» **Listed records**:
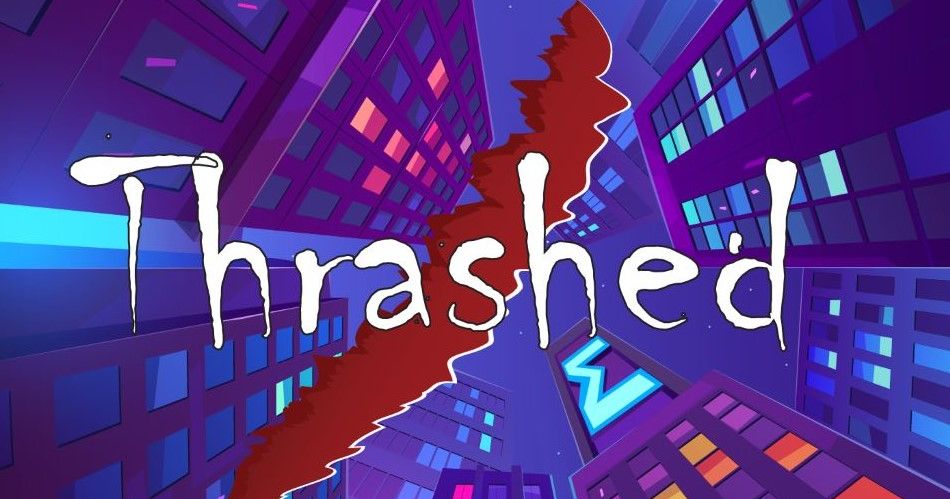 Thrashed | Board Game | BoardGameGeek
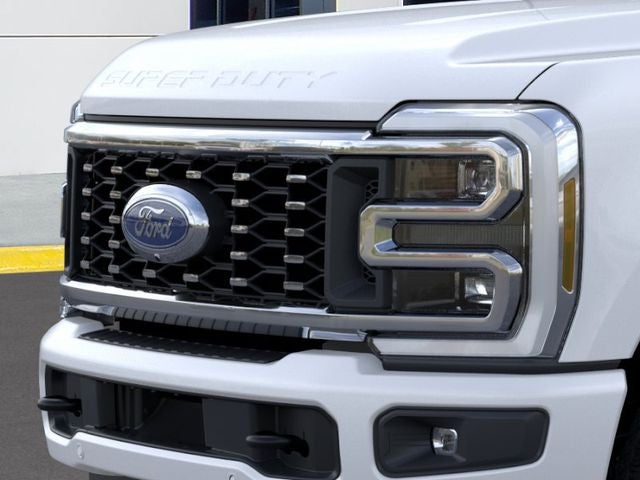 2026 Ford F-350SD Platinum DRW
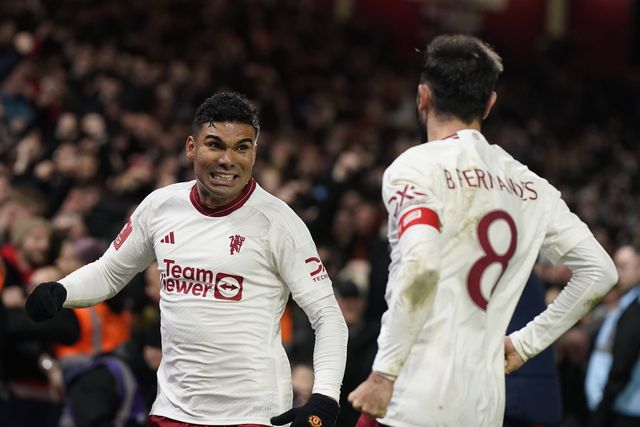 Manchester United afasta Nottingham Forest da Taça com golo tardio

--

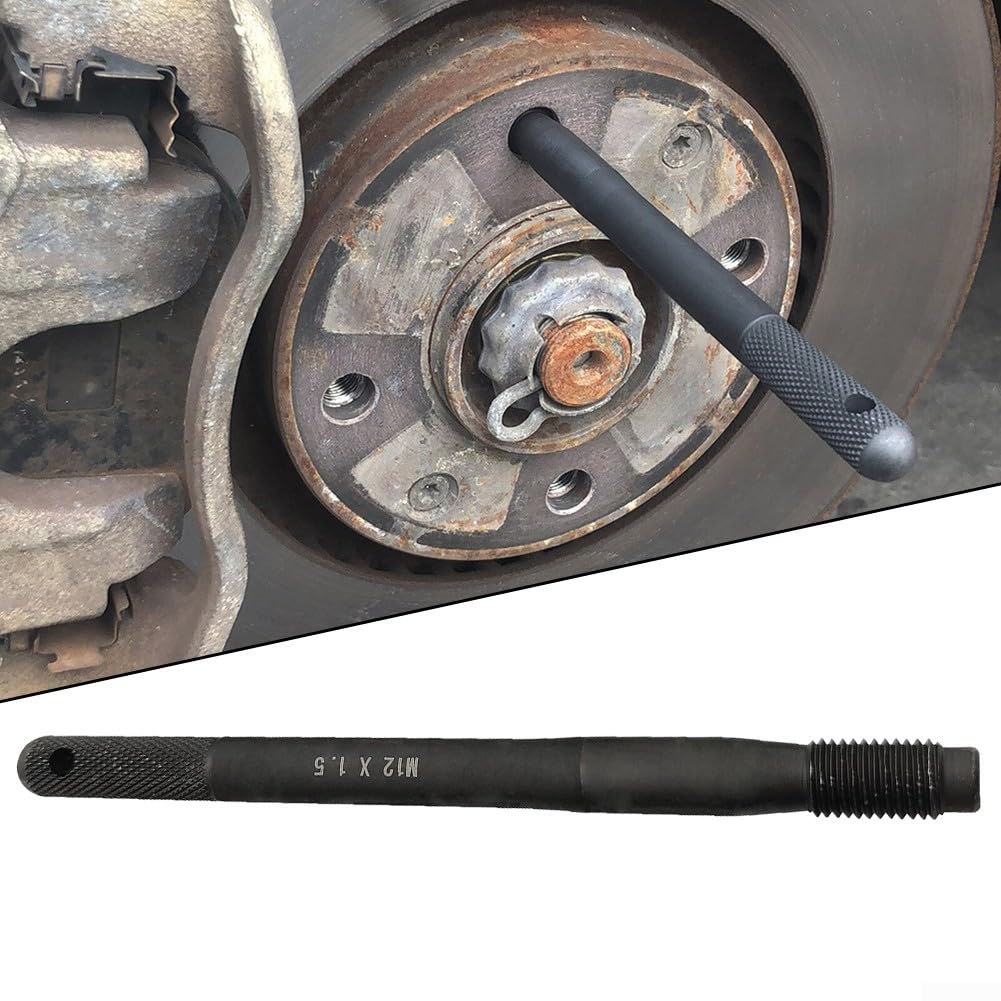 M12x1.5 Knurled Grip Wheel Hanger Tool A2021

--

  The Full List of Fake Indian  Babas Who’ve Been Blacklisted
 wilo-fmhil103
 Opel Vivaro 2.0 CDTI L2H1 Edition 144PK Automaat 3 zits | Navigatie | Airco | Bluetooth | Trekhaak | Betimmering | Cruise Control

» **What you need to do**: In the entries above, find the line that contains "Thrashed | Board Game | BoardGameGeek" and the line that contains "Manchester United afasta". Reproduce exactly those two lines and every line between them, but not the pictures.

» **Problem solution**:
 Thrashed | Board Game | BoardGameGeek
 2026 Ford F-350SD Platinum DRW
 Manchester United afasta Nottingham Forest da Taça com golo tardio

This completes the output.